In Facebook CEO Mark Zuckerberg’s second session with lawmakers this week, there were a few high points, many low points, and an absurd number of deflected or unanswered questions. But between all of the bromides and promises to get back to members of Congress with answers to questions that he claimed he didn’t know, a pair of exchanges stood out—and revealed the limits of the company’s promises that it gives people complete control of their data.

In a line of questioning from Rep. Ben Lujan, a Democrat from New Mexico, Zuckerberg allowed that his company creates profiles on people who don’t actually use Facebook—what are sometimes referred to as “shadow profiles.” This was important for a number of reasons—chief among them because across two days of testimony to Senate and House committees, Zuckerberg repeatedly hammered on the point that Facebook doesn’t own user data and that users have control over how their data is shared on Facebook.

“I believe that everyone owns their own content online, and that’s the first line of our terms of service if you read it,” Mark Zuckerberg told Rep. Marsha Blackburn, a Republican from Tennessee, about an hour into Wednesday’s hearing.
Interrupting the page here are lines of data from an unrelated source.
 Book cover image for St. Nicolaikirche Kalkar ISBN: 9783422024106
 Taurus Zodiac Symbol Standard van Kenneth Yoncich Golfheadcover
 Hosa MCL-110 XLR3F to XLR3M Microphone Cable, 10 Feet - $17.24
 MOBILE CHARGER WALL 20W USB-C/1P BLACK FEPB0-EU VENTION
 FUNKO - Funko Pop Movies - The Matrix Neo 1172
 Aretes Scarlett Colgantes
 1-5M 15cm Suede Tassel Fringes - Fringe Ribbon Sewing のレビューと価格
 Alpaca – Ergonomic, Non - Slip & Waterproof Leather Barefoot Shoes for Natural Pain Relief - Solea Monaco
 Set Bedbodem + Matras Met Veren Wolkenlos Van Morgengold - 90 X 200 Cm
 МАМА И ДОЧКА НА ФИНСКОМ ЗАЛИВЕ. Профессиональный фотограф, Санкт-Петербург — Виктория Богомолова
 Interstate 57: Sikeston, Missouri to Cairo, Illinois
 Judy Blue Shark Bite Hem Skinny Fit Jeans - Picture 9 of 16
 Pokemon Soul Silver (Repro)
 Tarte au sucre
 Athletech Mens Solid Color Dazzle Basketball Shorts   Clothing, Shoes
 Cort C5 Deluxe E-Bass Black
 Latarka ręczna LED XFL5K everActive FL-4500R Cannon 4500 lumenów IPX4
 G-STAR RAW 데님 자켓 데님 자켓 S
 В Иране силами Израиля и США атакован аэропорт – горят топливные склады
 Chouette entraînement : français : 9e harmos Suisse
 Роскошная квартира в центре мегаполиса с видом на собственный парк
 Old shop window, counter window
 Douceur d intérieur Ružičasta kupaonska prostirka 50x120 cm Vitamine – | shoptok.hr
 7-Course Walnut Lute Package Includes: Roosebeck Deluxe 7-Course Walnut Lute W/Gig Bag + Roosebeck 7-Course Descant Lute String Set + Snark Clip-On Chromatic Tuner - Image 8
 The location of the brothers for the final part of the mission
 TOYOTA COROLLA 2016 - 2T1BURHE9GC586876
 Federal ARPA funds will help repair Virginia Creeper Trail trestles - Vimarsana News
The idea that people who use Facebook own their data and can choose how that data is used was a frequent Zuckerberg talking point on Tuesday and Wednesday (not to mention one that his PR team had included in his notes, which the public caught a glimpse of on Tuesday after he left them visible long enough for a journalist to snap a photo).

But about an hour and a half later, Lujan drilled down on the issue, pushing Zuckerberg on whether his platitudes about not owning our data squares with reality. “Facebook has detailed profiles on people who have never signed up for Facebook, yes or no,” the congressman asked, noting that these non-Facebook user profiles are often called shadow profiles, a term Zuckerberg claimed he wasn’t familiar with. Then the congressman asked again: “It’s been admitted by Facebook that you do collect data points on average nonusers. My question is, can someone who does not have a Facebook account opt out of Facebook’s involuntary data collection?”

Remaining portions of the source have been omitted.